When Jesus instructed His disciples to love one another, He employed the Greek term agapaō, which is translated as love over 135 times in the New Testament of the King James Version. Jesus said, “A new commandment I give unto you, That ye love one another; as I have loved you, that ye also love one another” (John 13:34).
The English word for love does not have the same degree of precision as the Greek term Jesus used. Agapao is a verb which means do caring things, or act caringly.
Vine observes, “Christian love, whether exercised toward the brethren, or toward men generally, is not an impulse from the feelings, it does not always run with the natural inclinations, nor does it spend itself only upon those for whom some affinity is discovered. Love seeks the welfare of all, Rom. 15:2, and works no ill to any, 1 Cor. 13:8-10; love seeks opportunity to do good to ‘all men, and especially toward them that are of the household of the faith,’ Gal. 6:10.” (citing Notes on Thessalonians, by Hogg and Vine, p. 105).

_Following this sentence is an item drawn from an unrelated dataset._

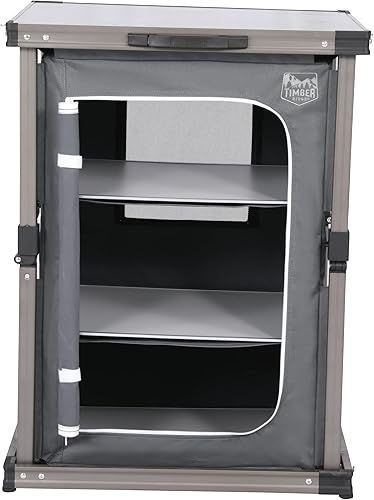 Miniatura 11 de TIMBER RIDGE Estación de cocina de aluminio portátil ligera resistente al calor, mesa plegable para barbacoa, picnic, patio trasero, gris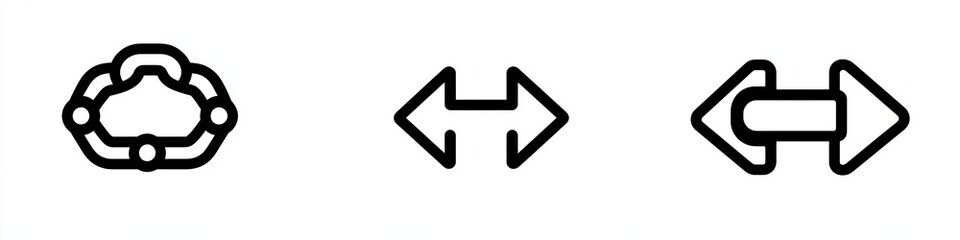 Black and White Vector Icon Set for Links, Share, Connection, External Link, Delete, Chain, Network, Web UI Design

John, who penned Jesus’ words in John 13:34, later wrote, “But whoso hath this world’s good, and seeth his brother have need, and shutteth up his bowels of compassion from him, how dwelleth the love of God in him? My little children, let us not love in word, neither in tongue; but in deed and in truth” (1 John 3:17-18).
Love is a caring attitude that has moved into compassionate action.